Burada olmayabilirlerdi. Sevdiklerinden binlerce km uzakta, dünyanın tehlikeli diye adlandırdığı bir bölgedeler. Onları bu özleme iten şey, bu şansa sahip olmayan kadınlar için farkındalık yaratmak. Herkes, kendileri gibi sevdikleri ile “normal” koşullarda yaşayabilsin istiyorlar. Yıllarca dinlediklerimden çıkardığım ve o haftanın sonunda işte benim için FTW bu. 

2001 yılında Detta Regan’ın aklına çok güzel bir fikir geldi; bölgedeki kadınların durumuna dikkat çekmek için bisikletten daha güzel bir araç olamazdı. 2004 yılında dünyanın farklı yerlerinden 270 kadını topladı ve Lübnan, Suriye ve Ürdün’de hep beraber bölgedeki şiddetin sona ermesi ve barış için pedalladılar.  O tarihten beri 7 kez gerçekleşen sürüşle, kadınlar bölgede (Suriye, Lübnan, Ürdün, Filistin ve Birleşik Arap Emirlikleri) bisiklet sürdü ve hem konuya dikkat çekildi hem de toplanan paralarla çocuk oyun alanları gibi projeler yapıldı.

Bu seneki sürüş için 30 Eylül’de Beyrut’ta buluştuk. ABD, Almanya, Belçika, Çin, Danimarka, Filistin, Fransa, İngiltere, İtalya, Japonya, Kıbrıs, Lübnan, Polonya, Suriye, Türkiye ve Ürdün’den gelen 120 kadın bir aradaydı. Türkiye ekibinde Burcu Büyükkafes, Julide Arslan, Nur Kılıçel, Özlem Alkan Oktay, Seçil Zor, Şeymanur Şahin, Yeşim Tin ve ben, Seçil Öznur Yakan vardık. 
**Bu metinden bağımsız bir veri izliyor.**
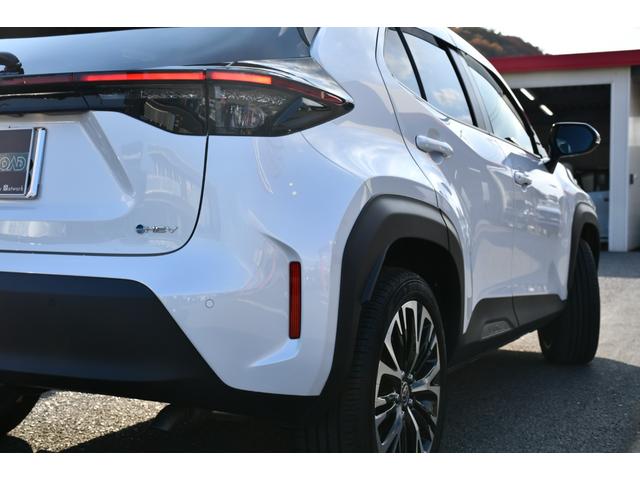 ヤリスクロス ハイブリッドＺ　純正ナビ　パノラミックビューモニター　パワーバックドア　３６０度前後ドライブレコーダー　ハンドルヒーター　シートヒーター　ブラインドスポットモニター　フルセグテレビ　ＨＤＭＩ入力（26枚目）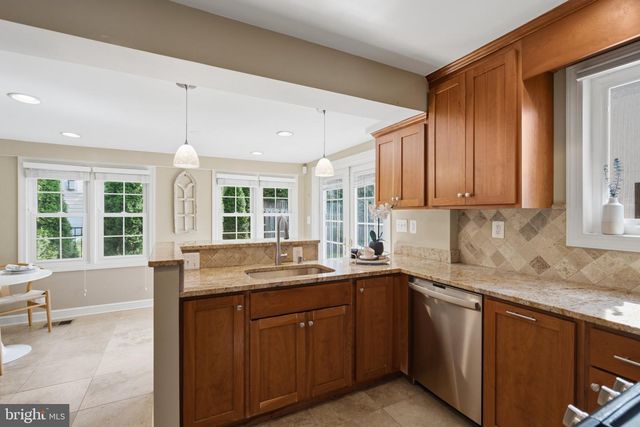 4900 GREENWAY DR, Bethesda, MD 20816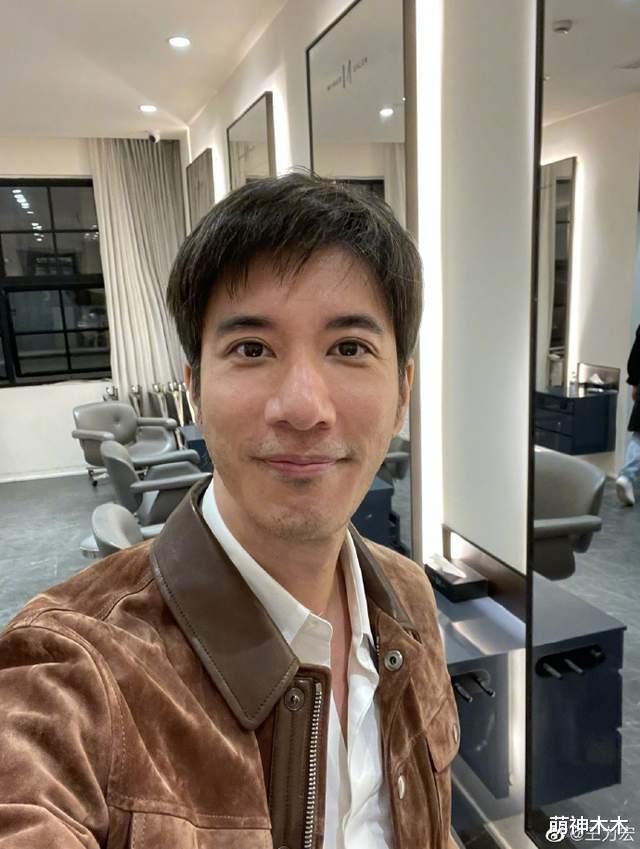 王力宏|王力宏传离婚，经纪人回应态度保留，台媒笃信离婚，深扒种种细节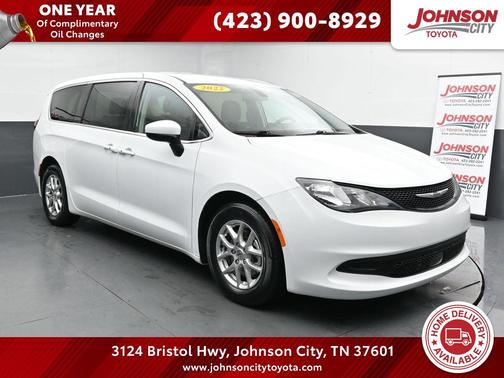 2022 Chrysler Voyager LX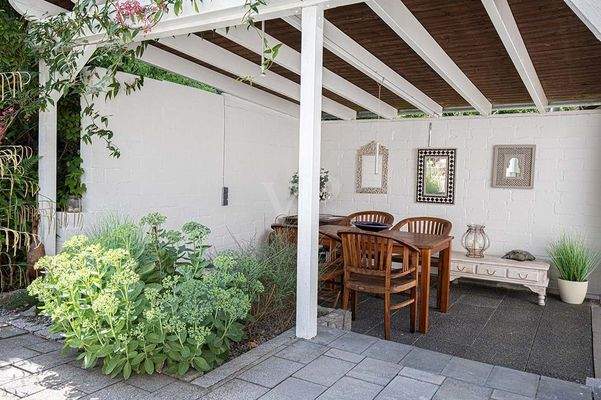 Überdachter Freisitz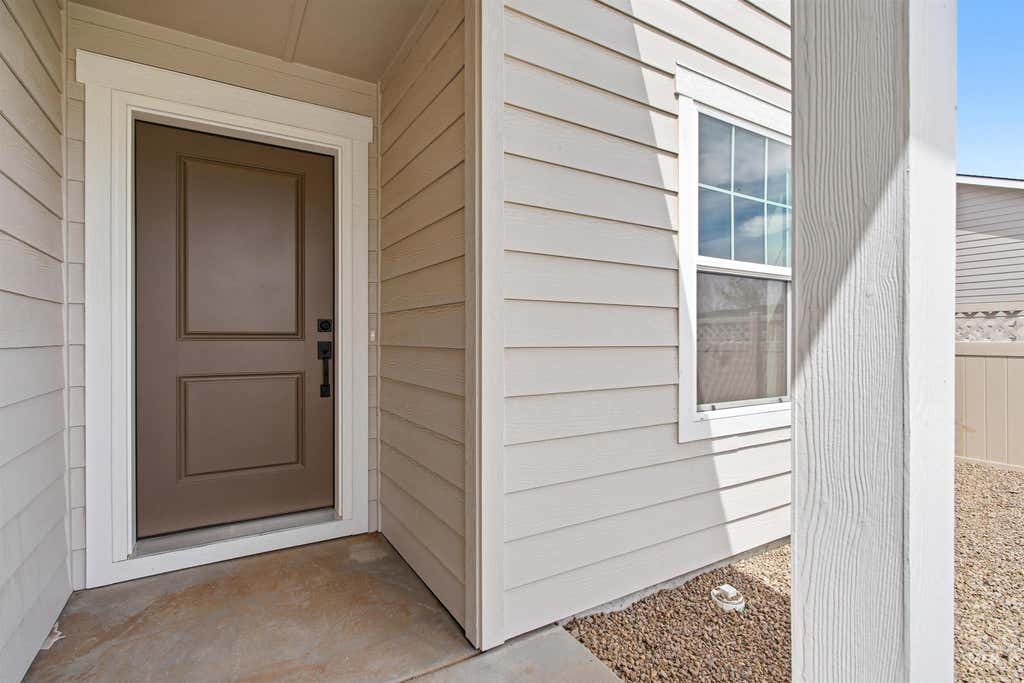 Photo of 1585 SW Silverstone Ave, Mountain Home, ID 83647 (MLS # 98955145)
Lübnan’ın en kuzeyine Tripoli’ye geçtik otobüslerle. Beirut by Bike tarafından temin edilen bisikletlerimizi seçtik, işaretledik, ayarları yapıldı, tabii ki bisikletlerini süsleyenler oldu. 1 Eylül’deki Tripoli’yi gezdikten sonra sırasıyla şu şehirlere pedalladık, ziyaret ettik: Batroun, Byblos, Mokhtara, Jezzine, Mleeta, Ansar, Sarafand, Saida, Khiyara, Kefraya, Quaraon, Baalbek, Bekaa ve Beyrut. Aslında nereden nereye, hangi tarihte gittiğimiz, kaç km yaptığımız değil önemli olan, bunlar sırasında neler konuştuk, neler gördük…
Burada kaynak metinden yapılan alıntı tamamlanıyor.